What is the best approach to update table with duplicate data?

I have a table

table users (
id text PRIMARY KEY,
email text,
description,
salary
)

I will delete, update, insert etc to this table. But I also have a requirement to be able to search by email, and description. If I create new table with new composite keys for email, and description,

when I update my base table I do

insert into users (id, salary) values (1, 500);

I do not have the required data to also update my secondary table since all the client has is id and salary. How is the second table updated.
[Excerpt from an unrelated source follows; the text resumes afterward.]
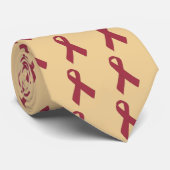 Cravate ruban de sensibilisation bordeaux sur le brun ambr (Roulé)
Other workarounds and shortcomings

  1. I could have created a materialized view, but since the base table has only one primary key I can only add one more column. my search requirement requires more than one column.
  2. Create secondary indexes on the columns that will be searched on. But the performance for this would be bad since the columns I will be searching on would have high cardinality. i.e. description, email, etc

Solution

  • So, the "correct" way of doing this is to create 3 tables. salary_by_id, salary_by_email and salary_by_description.

    table salary_by_id (
      id text PRIMARY KEY,
      salary int
    )
    
    table salary_by_email (
      email text PRIMARY KEY,
      salary int
    )
    
    table salary_by_description (
      description text,
      id int,
      salary int,
      primary key (description, id)
    )
    

    The reason i added id to salary_by_description is that, from my own guessing, description won't be globally uniq, so it has to have something else in it's primary key.

    Depending on the size of these tables the last one might need something extra added to it's partitioning key. And if needed you can add id, email and description to the other tables.

    Now, when inserting or deleting values you need so do it in all 3 tables. If you use a driver, like in java, that supports asynchronous calls, then this doesn't cost very much extra.